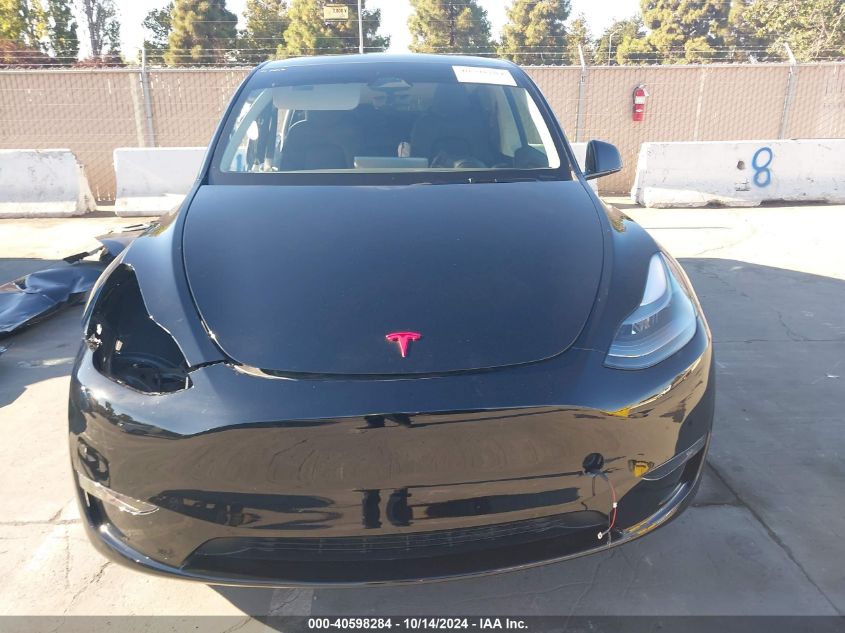 2024 Tesla Model Y Long Range Dual Motor All-Wheel Drive VIN: 7SAYGDEE5RF982457 Lot: 40598284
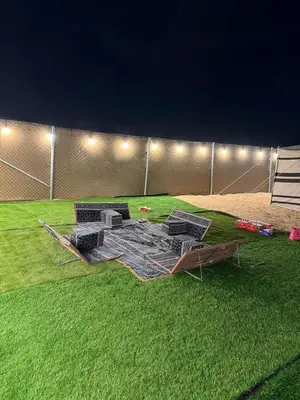 a group of chairs sitting on top of a grass field at dubai camp in ‘Ūd al Bayḑāʼ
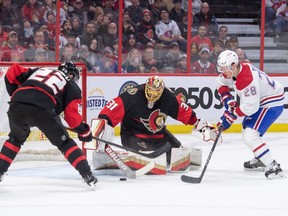 Senators goalie Anton Forsberg makes a save in front of Canadiens' Christian Dvorak (28) in the second period at the Canadian Tire Centre in Ottawa on Saturday, Jan. 28, 2023.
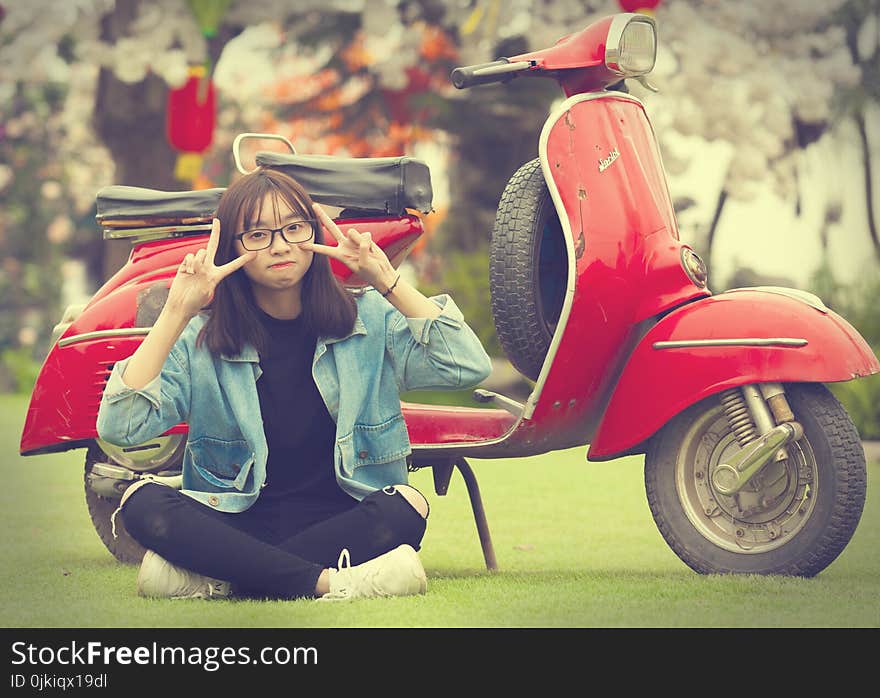 Girl Doing Peace Sign Indian Sitting in Front of Red Scooter Motorcycle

*WHAT NEEDS TO BE DONE*. Only the lines from the start of the material to the line with "a group of chairs", inclusive, belong in the answer, printed exactly and free of pictures.

*WRITTEN RESPONSE*.
 2024 Tesla Model Y Long Range Dual Motor All-Wheel Drive VIN: 7SAYGDEE5RF982457 Lot: 40598284
 a group of chairs sitting on top of a grass field at dubai camp in ‘Ūd al Bayḑāʼ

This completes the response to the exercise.